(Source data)
★ ★ ★ ★ ★ ★ ★

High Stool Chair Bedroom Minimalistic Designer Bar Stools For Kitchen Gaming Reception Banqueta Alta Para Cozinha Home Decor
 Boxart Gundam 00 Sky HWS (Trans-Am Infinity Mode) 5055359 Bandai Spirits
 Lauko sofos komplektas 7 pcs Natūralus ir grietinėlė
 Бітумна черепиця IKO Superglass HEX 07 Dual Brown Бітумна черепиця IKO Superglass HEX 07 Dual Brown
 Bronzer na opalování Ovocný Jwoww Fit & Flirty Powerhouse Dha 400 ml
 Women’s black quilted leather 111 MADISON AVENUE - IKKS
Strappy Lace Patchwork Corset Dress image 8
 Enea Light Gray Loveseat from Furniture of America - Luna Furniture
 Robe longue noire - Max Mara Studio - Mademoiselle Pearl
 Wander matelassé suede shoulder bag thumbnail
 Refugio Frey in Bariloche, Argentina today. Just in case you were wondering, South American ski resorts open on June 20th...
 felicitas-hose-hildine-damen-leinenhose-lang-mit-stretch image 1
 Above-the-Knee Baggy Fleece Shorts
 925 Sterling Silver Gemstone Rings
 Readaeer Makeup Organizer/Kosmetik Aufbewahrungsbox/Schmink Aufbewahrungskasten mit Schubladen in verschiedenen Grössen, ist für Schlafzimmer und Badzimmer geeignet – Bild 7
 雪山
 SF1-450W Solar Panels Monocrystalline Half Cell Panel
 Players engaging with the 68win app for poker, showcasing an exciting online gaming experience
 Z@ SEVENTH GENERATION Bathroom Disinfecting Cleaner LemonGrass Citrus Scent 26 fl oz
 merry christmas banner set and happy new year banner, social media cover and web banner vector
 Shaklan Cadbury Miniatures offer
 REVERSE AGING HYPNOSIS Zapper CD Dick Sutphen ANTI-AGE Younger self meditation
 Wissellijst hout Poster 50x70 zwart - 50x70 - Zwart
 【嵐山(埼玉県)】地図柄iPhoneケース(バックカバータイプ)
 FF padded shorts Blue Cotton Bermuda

★ ★ ★ ★ ★ ★ ★

* _PROBLEM TO SOLVE_: All the lines that hold the word "image" must appear in the answer, copied from the records.

* _PROBLEM SOLUTION_:
Strappy Lace Patchwork Corset Dress image 8
 felicitas-hose-hildine-damen-leinenhose-lang-mit-stretch image 1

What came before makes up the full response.